Top of Materials provided
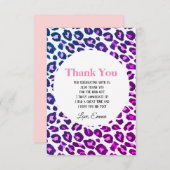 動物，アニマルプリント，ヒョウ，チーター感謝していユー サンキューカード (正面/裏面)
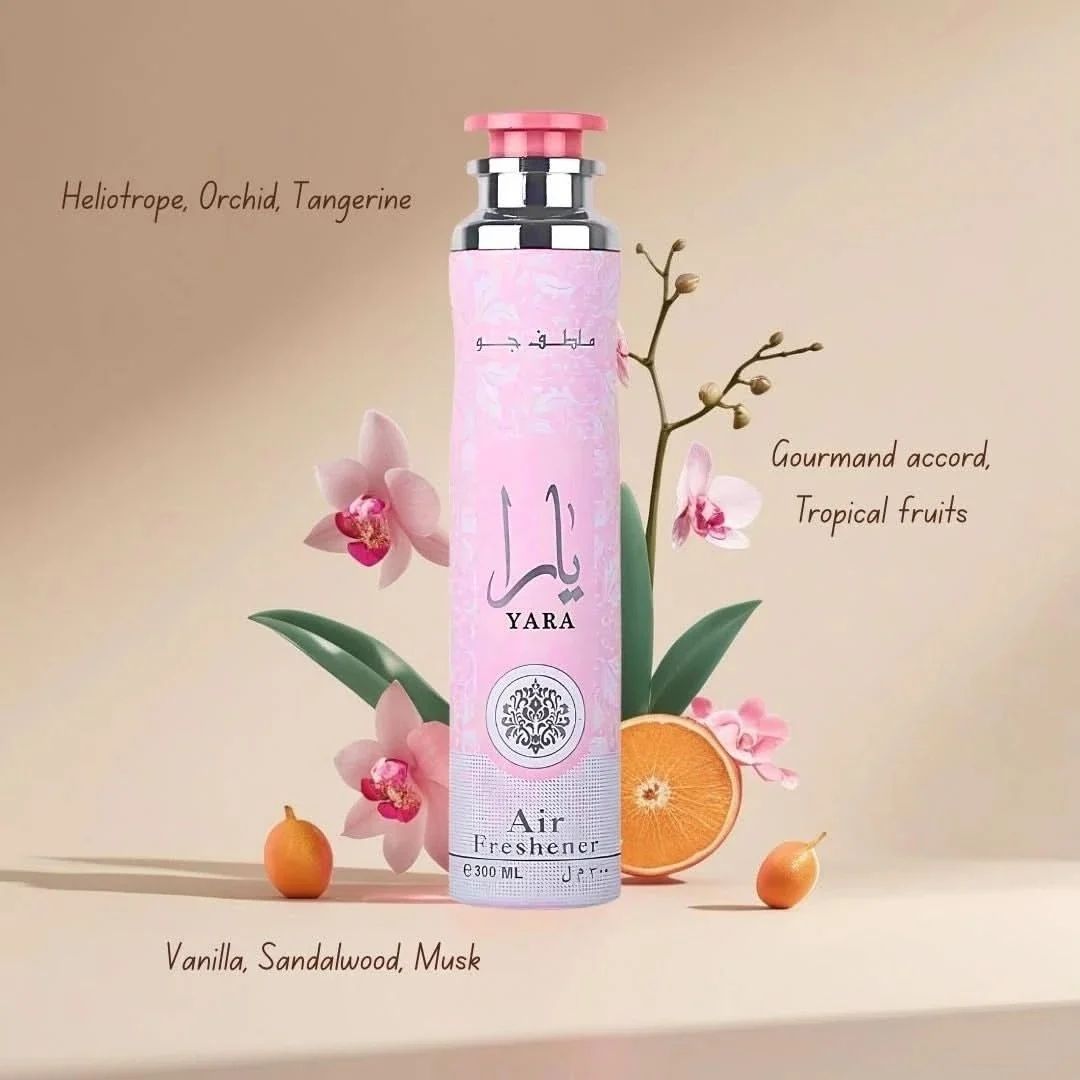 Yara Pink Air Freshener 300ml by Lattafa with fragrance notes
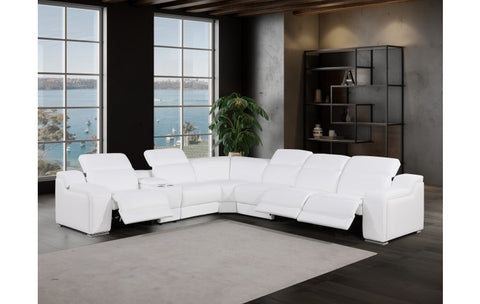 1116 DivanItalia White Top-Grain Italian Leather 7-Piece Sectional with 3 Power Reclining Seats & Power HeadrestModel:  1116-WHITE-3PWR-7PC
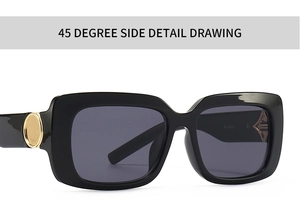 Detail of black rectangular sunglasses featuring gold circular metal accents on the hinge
Bottom of Materials provided
Top of Materials provided
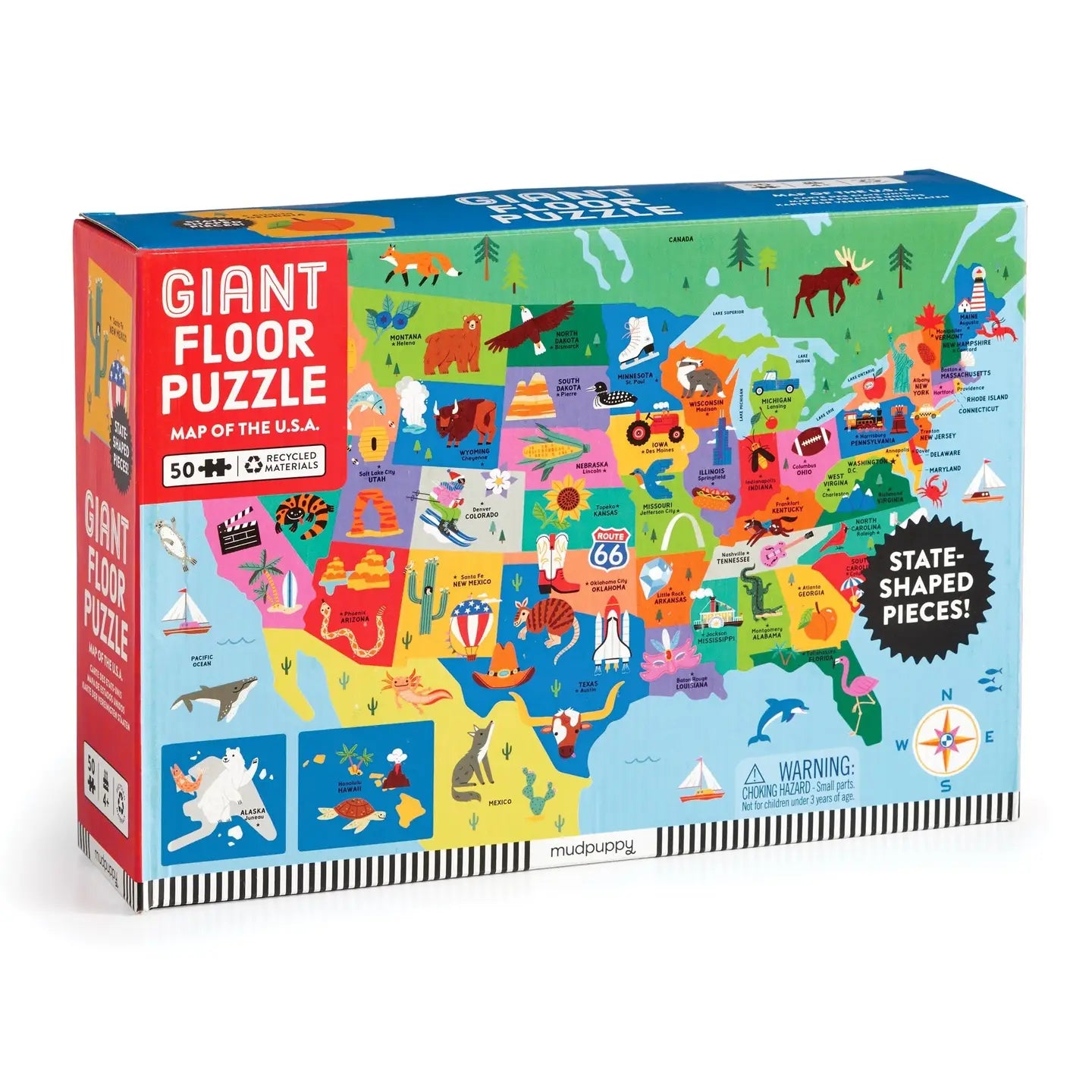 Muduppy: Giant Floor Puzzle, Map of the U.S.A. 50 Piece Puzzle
Bottom of Materials provided
## [Action item]
Range to print from the listing above: from the line with "1116 DivanItalia White" up to and including the line with "Detail of black". Please print those lines exactly, with no pictures and nothing more.

## [Answer to this problem]
 1116 DivanItalia White Top-Grain Italian Leather 7-Piece Sectional with 3 Power Reclining Seats & Power HeadrestModel:  1116-WHITE-3PWR-7PC
 Detail of black rectangular sunglasses featuring gold circular metal accents on the hinge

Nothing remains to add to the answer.